- [Exercise] From the data underneath, reproduce exactly the stretch that begins at the line with "Cozinha de kitnet/studio" and ends after the line with "Prym Snreringe 8 mm - findes i 3 farver".

== Task inputs ==

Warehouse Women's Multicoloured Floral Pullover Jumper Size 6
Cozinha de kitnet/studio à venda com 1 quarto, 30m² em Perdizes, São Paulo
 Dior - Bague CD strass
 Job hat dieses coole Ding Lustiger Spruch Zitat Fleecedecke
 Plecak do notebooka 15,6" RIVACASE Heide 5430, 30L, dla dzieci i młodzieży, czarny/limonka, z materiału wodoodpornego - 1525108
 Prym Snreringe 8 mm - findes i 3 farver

===
== Task inputs ==

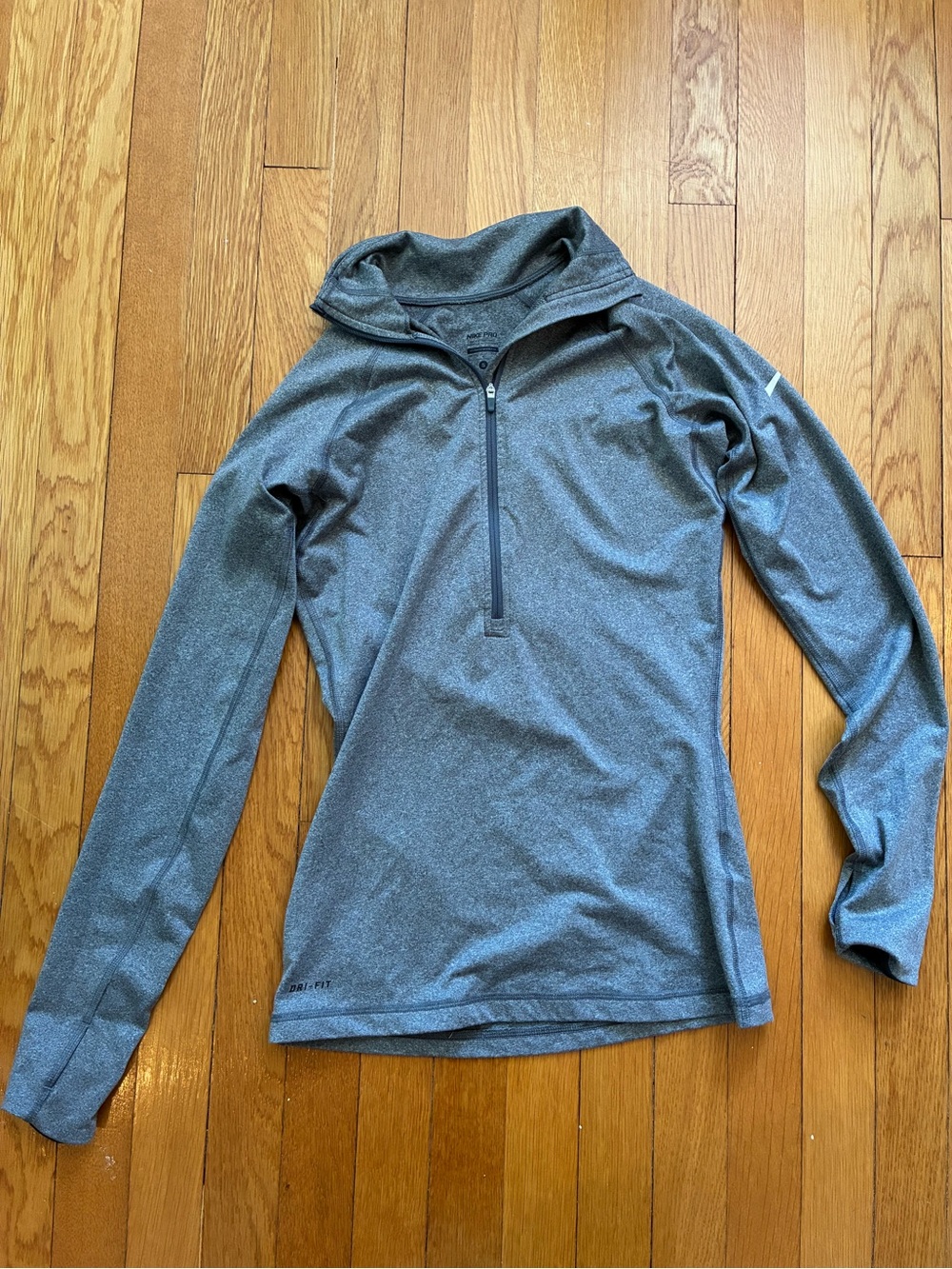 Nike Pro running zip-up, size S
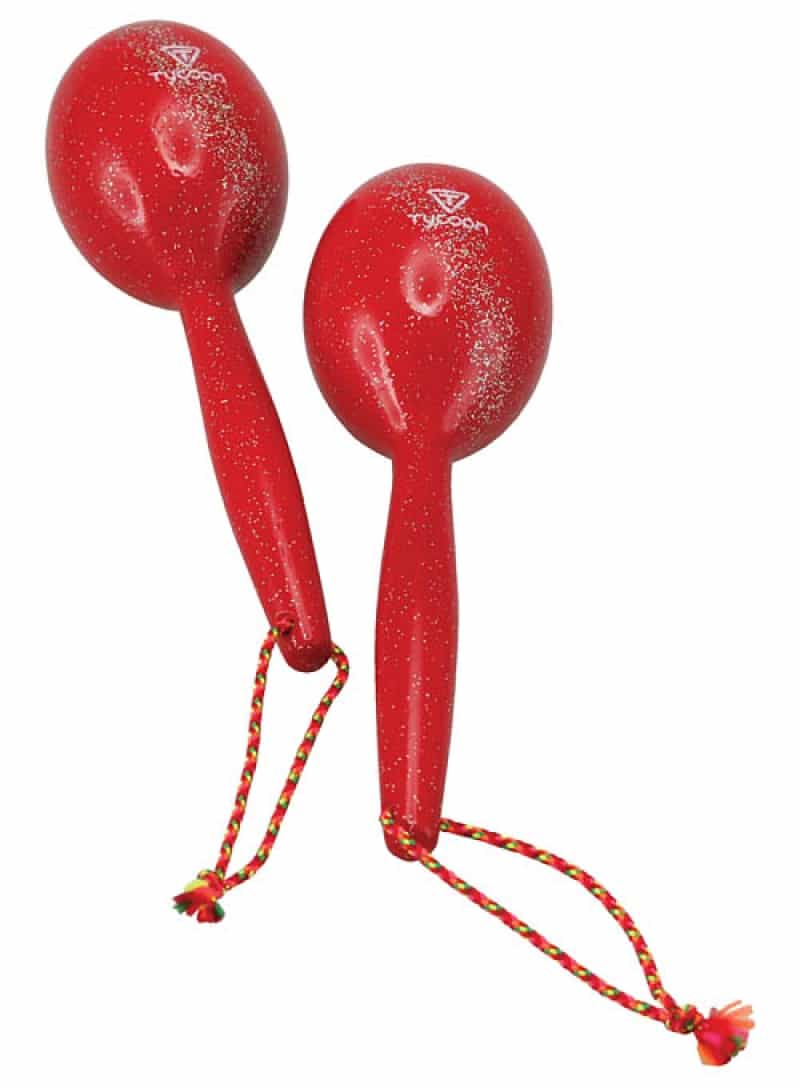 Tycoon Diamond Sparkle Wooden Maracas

===

- [Written reply]
Cozinha de kitnet/studio à venda com 1 quarto, 30m² em Perdizes, São Paulo
 Dior - Bague CD strass
 Job hat dieses coole Ding Lustiger Spruch Zitat Fleecedecke
 Plecak do notebooka 15,6" RIVACASE Heide 5430, 30L, dla dzieci i młodzieży, czarny/limonka, z materiału wodoodpornego - 1525108
 Prym Snreringe 8 mm - findes i 3 farver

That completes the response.